1957 Alberta liquor plebiscite results: Ponoka
Question A: Do you approve additional types of outlets for the sale of beer, wine and spirituous liquor subject to a local vote?
| Ballot choice |  | Votes | % |
|  | No | 1,500 | 53.96% |
|  | Yes | 1,280 | 46.04% |
| Total votes |  | 2,780 | 100% |
| Rejected, spoiled and declined |  | 53 |  |
6,317 eligible electors, turnout 44.88%

On October 30, 1957, a stand-alone plebiscite was held province wide in all 50 of the then current provincial electoral districts in Alberta. The government decided to consult Alberta voters to decide on liquor sales and mixed drinking after a divisive debate in the Legislature. The plebiscite was intended to deal with the growing demand for reforming supposedly antiquated liquor control laws.

The plebiscite was conducted in two parts. Question A asked in all districts, asked the voters if the sale of liquor should be expanded in Alberta, while Question B asked in a handful of districts within the corporate limits of Calgary and Edmonton asked if men and woman were allowed to drink together in establishments.
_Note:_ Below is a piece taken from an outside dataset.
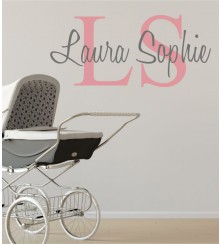 Name und Buchstaben als Wandtattoo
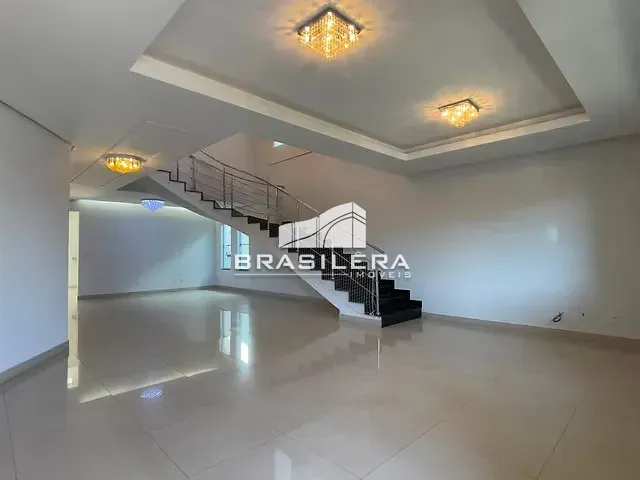 Sobrado com 370m² 4 quartos e 5 banheiros, à venda, no bairro Jardins Madri em Goiânia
Province wide Question A of the plebiscite passed in 33 of the 50 districts while Question B passed in all five districts. Ponoka voted against the proposal by a comfortable margin. The voter turnout in the district was just slightly below the province wide average of 46%.

Official district returns were released to the public on December 31, 1957. The Social Credit government in power at the time did not considered the results binding. However the results of the vote led the government to repeal all existing liquor legislation and introduce an entirely new Liquor Act.

Municipal districts lying inside electoral districts that voted against the Plebiscite such as Ponoka were designated Local Option Zones by the Alberta Liquor Control Board and considered effective dry zones, business owners that wanted a licence had to petition for a binding municipal plebiscite in order to be granted a licence.